Roasted Tomato Salsa

Say goodbye to store-bought salsa and hello to your new favorite homemade roasted salsa! This Roasted Salsa is everything you want from a salsa and you don’t need to spend a lot of money or time to have it! This roasted tomato salsa is the perfect balance of smoky, zesty, and spicy, thanks to roasted Roma tomatoes, jalapeño, habanero, onion, and garlic. It’s made by roasting aroma tomatoes, jalapeno habanero peppers, onion, garlic, and tomatillos… to keep things exciting. Blended together with spices, lime juice, cilantro and one secret ingredient, it’s perfectly balanced and filled with flavor. 
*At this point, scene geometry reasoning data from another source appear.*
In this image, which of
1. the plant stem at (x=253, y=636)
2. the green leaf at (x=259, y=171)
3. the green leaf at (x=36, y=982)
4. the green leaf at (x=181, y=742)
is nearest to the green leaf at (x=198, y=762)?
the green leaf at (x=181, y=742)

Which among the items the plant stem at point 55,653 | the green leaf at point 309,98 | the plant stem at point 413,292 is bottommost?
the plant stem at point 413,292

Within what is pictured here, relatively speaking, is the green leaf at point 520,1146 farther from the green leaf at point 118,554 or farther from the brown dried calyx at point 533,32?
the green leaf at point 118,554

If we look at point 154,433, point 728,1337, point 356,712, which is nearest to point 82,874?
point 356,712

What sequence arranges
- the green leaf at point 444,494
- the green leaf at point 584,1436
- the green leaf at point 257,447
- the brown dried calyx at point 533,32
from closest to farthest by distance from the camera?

If you’re ready to wow your guests and take taco Tuesday, game night or your chips and guac to a new level – try this salsa recipe! Whether you’re scooping it up with chips, spooning it over tacos, or eating it straight out of the jar (no judgment here), this salsa is a flavor-packed crowd-pleaser. Bonus? It’s ridiculously easy to make and so much better than store-bought. Once you try it to make your own roasted tomato salsa recipe you’ll never go back! Let’s dive into the best roasted salsa recipe you’ll ever try.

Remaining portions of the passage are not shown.